I think one of the issues with these systems getting attacked is that they allow too many external connections. I see no reason for much of this as we all know the fewer open ports the less chance of getting attacked, also these systems should not allow any personal use or email and web surfing. All emails should go to one isolated server to be validated prior to being passed on. I remember years ago at one government office I went to they had zero external connections directly into their network and only one PC with external access but no internal access and they had some software which did not allow any usb devices to connect to their networked PCs unless previously processed by one PC to again validate the contents. Another client I had dealings with had one system which was approved as secure by the US Dept of Defense and in order to gain that certification it had zero external connections!
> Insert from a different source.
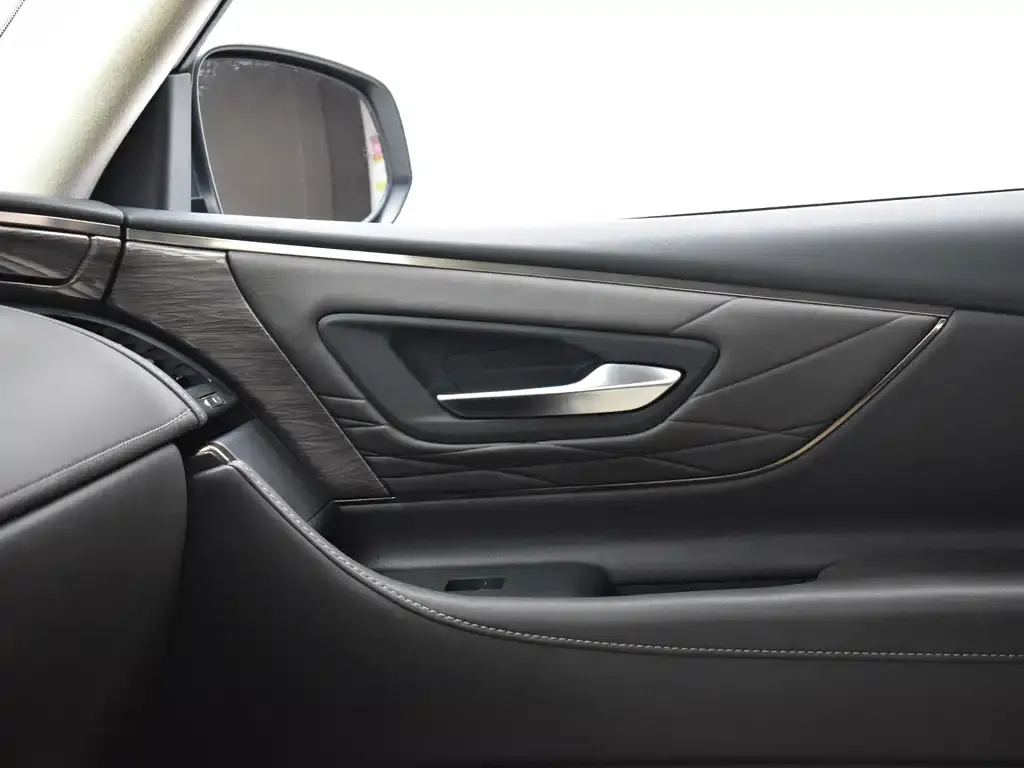Toyota Vellfire — фото 7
In today's connected world nothing is 100% secure.

The NHS N3 network is, I guess, like a huge corporate LAN. Each GP, clinic, hospital has, effectively, a private leased line into the network. It doesn't look to be accessed, say, via using a VPN over a vanilla internet connection. Email should be going through central servers, and "external access" (outside the LAN) should go centrally too.

But that makes a huge set of locations where, as 7LM says, a member of staff can accidentally introduce some malware from a trip home, which could then feed into the core of the LAN, and onwards.

In such a setup, you'd think the core would firewall each site/trust from the others. And, from the way different trusts have reported their problems, it seems like this has happened.

The way it hit multiple trusts, and places outside the UK, all at the same time, suggests to me that it has perhaps been infecting machines for a while, but only activated the payload yesterday.